9.第四尾根2P(Ⅱ/40m) リード:田中
易しいフェース。ここで、先に出発して別ルートを登っていたチームが追い付いてきた。なんとピラミッドフェースを直登してきたそうだ。ぶなの会の若者たちで、後で写真を撮り合いエール交換した。

10.第四尾根3P(Ⅲ/40m) リード:青柳
白い岩のフェース登り。終了点が第一テラス。

11.第四尾根4P(Ⅲ/20m) リード:田中
フェースからカンテへ。短いがだんだん周囲が開けてくるので高度感が半端ない。終了点が第二テラス。
12.第四尾根5P(Ⅴ~Ⅳ/30m) リード:青柳
出だしが核心。
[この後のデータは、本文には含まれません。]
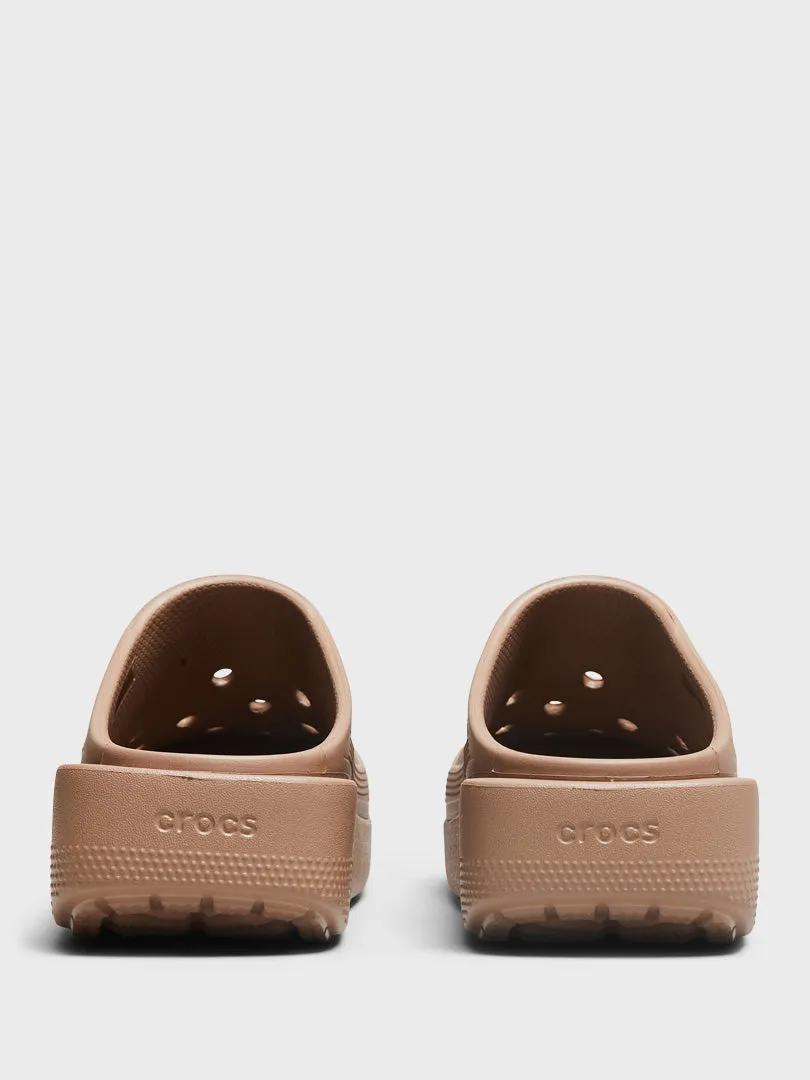 Classic Blunt Toe Shoes in Latte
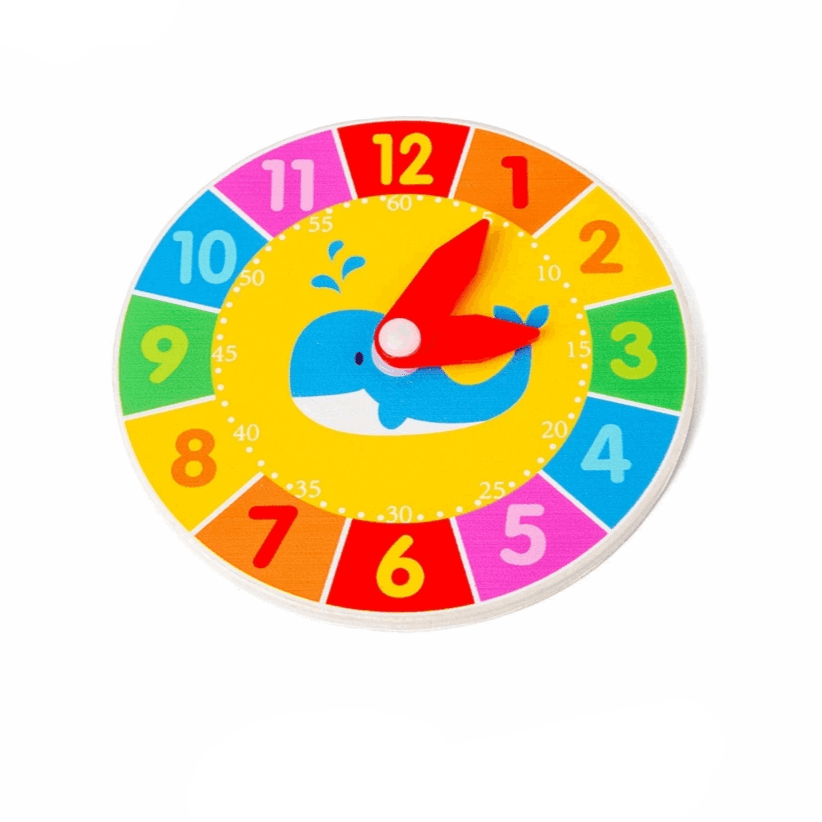 Horloge Éducative Montessori Baleine | Montezzori Montezzori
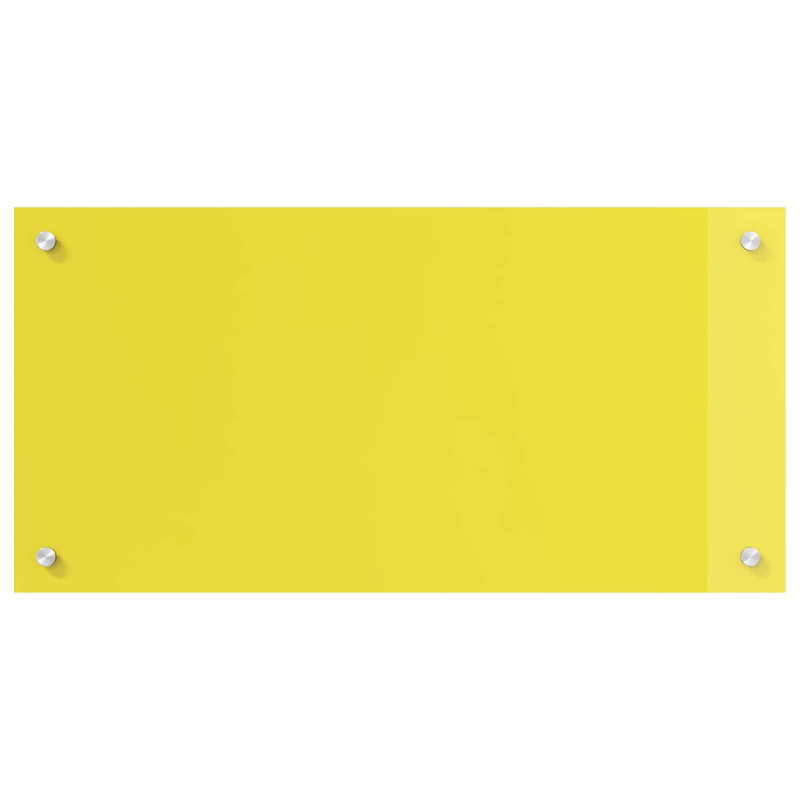 Panel kuchenny Żółty 80 x 40 cm szkło hartowane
つるつるのチャート岩のフェースをカンテに向けてよじ登る。終了点に懸垂支点あり。

13.懸垂降下(20m)
14.第四尾根6P(Ⅳ/30m) リード:青柳
懸垂をした岩との間のクラックからフェースに乗り換え、枯れ木テラスの手前でピッチを切る。

15.第四尾根7P(Ⅲ/10m)リード:田中
枯れ木テラスまでの繋ぎピッチ。ここから城塞ハングへ直角にカーブする。

16.第四尾根8P(Ⅲ+/20m) リード:青柳
アリの戸渡上のリッジをレイバックで掴む。足場がないのでスメアリングで突っ張って横移動し、終了点へ。終了点も足場がないのでハンギングビレイ。横移動中の向かい側は2010年の崩落で絶壁になっていてとても怖い。一か所岩が途切れているところがあり、空間を跨いで乗り移る。ここまで体力を削られているので精神力もアキレス腱ももたない。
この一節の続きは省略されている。